Dabei hat es für den neuen 400-Meter-Star ganz untypisch angefangen. Sie landete beim Basketball und wollte dort dem Olympischen Gedanken nacheifern. Zum Sprung in die Nationalmannschaft hat es nicht gereicht, denn bevor es überhaupt dazu kommen konnte, wurde eines Tages ihr Lauftalent erkannt und ihre Teamkollegin Carmen Urquidez überzeugte sie davon, dass sie sich der Leichtathletik zuwenden sollte.
Heute glaubt Ana Guevara, dass ihre Basketball-Vergangenheit ein Plus darstellt. Vor allem, weil sie von Verletzungen verschont geblieben ist und deshalb hart und gut an ihren schnellen Zeiten arbeiten konnte. "Dieser Sport hat mir eine gute Grundlage für die Leichtathletik mitgegeben." Mit Marion Jones gibt es übrigens noch eine weitere Läuferin, die auf einen Abstecher zum Basketball zurückblickt.
Starkes Finish als große Stärke
Das starke Finish auf den letzten 100 Metern ist die große Stärke der schnellen Mexikanerin.
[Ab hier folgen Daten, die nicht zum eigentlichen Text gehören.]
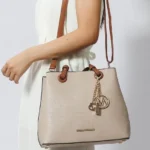 Model carrying MKF Kearny Women’s Tote Handbag over shoulder, showcasing versatile and elegant everyday style
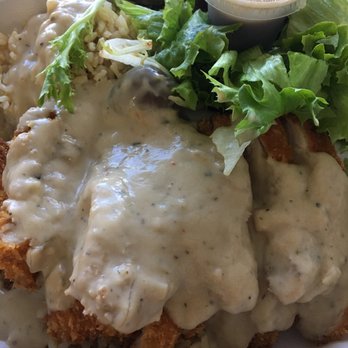 Max & Lucy's - Chicken Cutlet w/ brown rice, toss, and mushroom gravy. Just under $10 - New American Near Me - Honolulu, Hawaii Max & Lucy's - Chicken Cutlet w/ brown rice, toss, and mushroom gravy. Just under $10 - New American Near Me - Honolulu, Hawaii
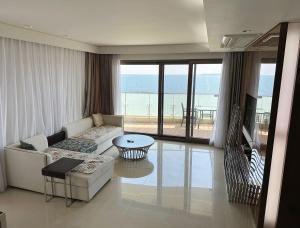 un soggiorno con divano e vista sull'oceano di Seopjikoji Oceanview Apartment a Seogwipo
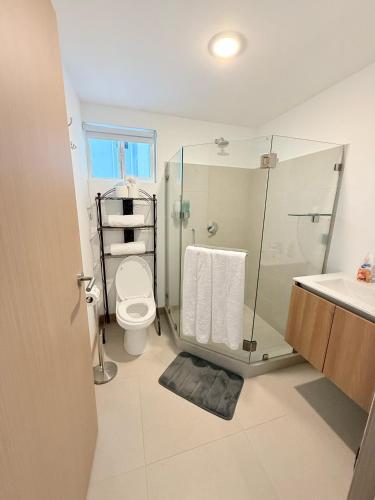 a bathroom with a shower and a toilet and a sink at Viva Jaco Unit 0605 in Jacó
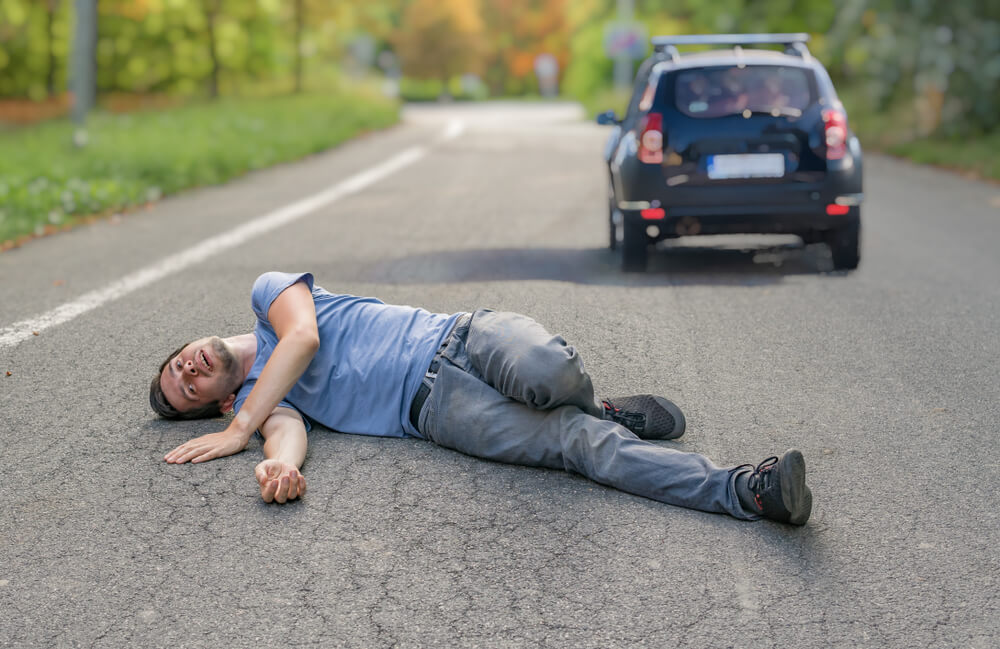 Injured man on road after hit-and-run accident in Greensboro, NC, with fleeing vehicle in background.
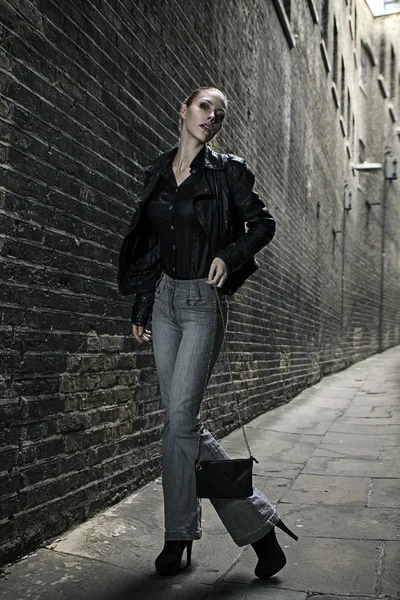 Duitse blonde hoog mode-model in een Londen passerende steegje poseren dragen van stedelijke outfits — Stockfoto
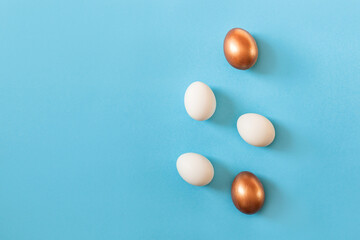 Set of Easter white and golden color eggs isolated on blue background. Stylish trendy frame composition with gold chocolate egg. Flat lay, top view, place for text. Happy egg hunt for kids concept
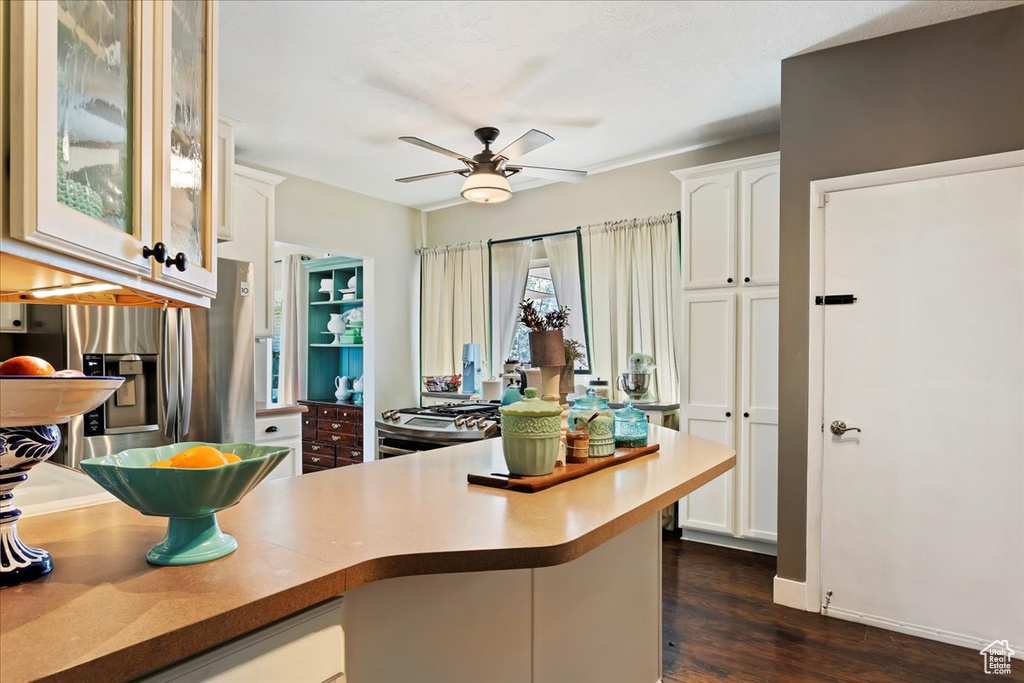 Kitchen featuring ceiling fan, white cabinets, dark hardwood / wood-style flooring, range with gas stovetop, and stainless steel fridge with ice dispenser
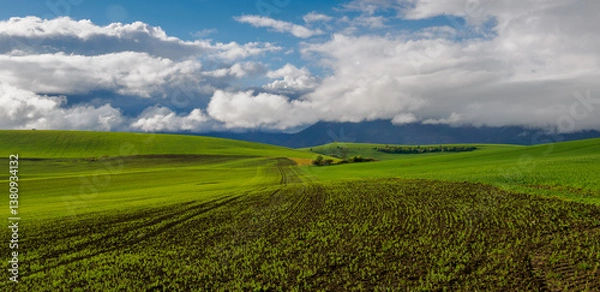 Obraz Mountain landscape. A view of the green hills with storm clouds looming over them.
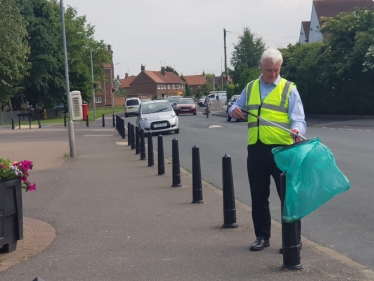 Graham litter picking in the Samman road play area.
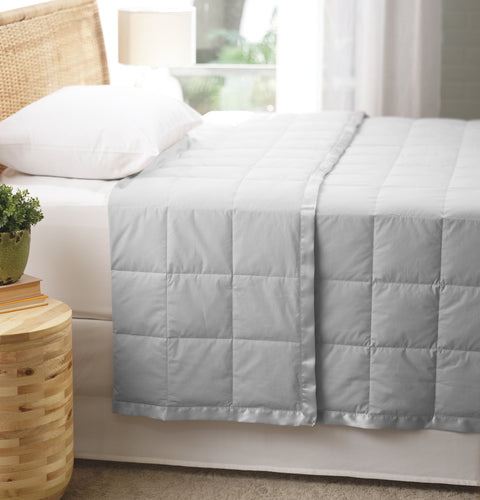 Silver Luxury Down Filled Blanket laying perfectly on top of a bed. We are getting a side view of the bed. The blanket is folded over itself at the head of the bed, yet the blanket is still laying pretty flat. The blanket has squares going all across it.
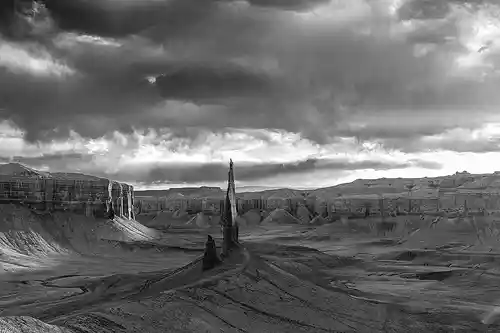 Spire in Side Light at Sunset Black and white photo of Long Dong Silver spire at sunset with dramatic clouds and side-lit cliffs, taken by Bob Hart in the Utah desert.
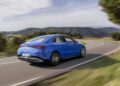 A blue Mercedes-Benz New CLA cruises on a winding road through a hilly landscape, surrounded by trees under a partly cloudy sky, showcasing its groundbreaking tech.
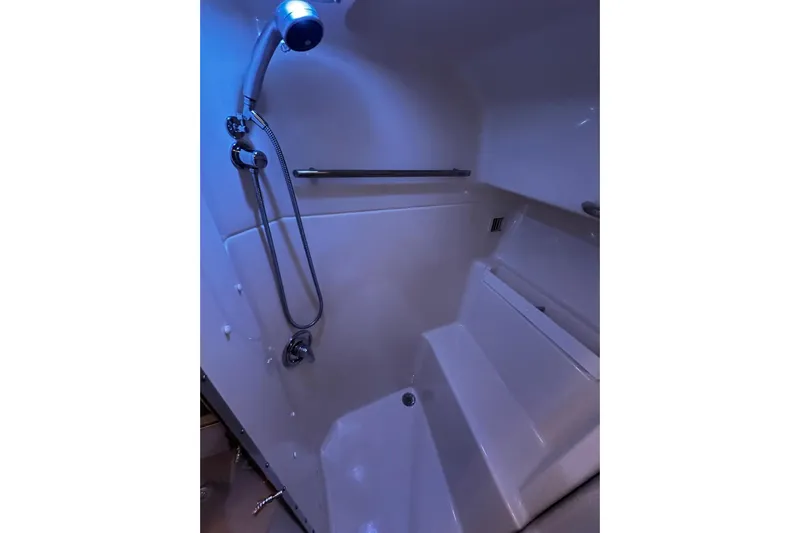  Yacht Photos Pics Shower area in 2003 Tiara Yachts 4000 Express, featuring modern fixtures and ambient lighting.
Dort gibt sie Gas und meint deshalb: "Auf den ersten 300 Metern kann man aber erkennen, was noch möglich ist." Selbst traut sie sich in diesem Jahr schon zu, unter 49 Sekunden zu bleiben. Vielleicht fällt ja schon bald die nächste Marke. Auf den Jubel danach darf man sich bereits freuen!
"Ich laufe immer mein eigenes Rennen", sagt Ana Guevara, "mein Trainer Raul Barreda arbeitet eine Taktik für mich aus und ich versuche, mich daran zu halten." Ihr Fokus gilt aber ganz und gar in diesem Sommer der Golden League.
"Das ist für mich eine große Motivation und man braucht nicht überrascht sein, dass man mich kaum bei anderen Sportfesten sieht. Es reicht, dass ich mich auf sieben Siege in sieben Rennen konzentrieren muss." Fünf hat sie bereits in der Tasche. Zwei fehlen ihr noch. Am 30. August in Brüssel geht es um Nummer sechs und eine Woche später kann sie in Berlin beim ISTAF (6.9.) ihren Anteil an den 50 Kilo Gold endgültig eintüten. Ihren Auftritten in den letzten Wochen nach zu urteilen, bleibt nur eine Erkenntnis: Vorteil Ana Guevara! Die Konkurrenz wird sich schwer tun, Schritt zu halten. Dem stimmt auch die deutsche Staffel-Europameisterin Grit Breuer zu: "Ich denke, sie wird die sieben Golden-League-Siege nach Hause laufen."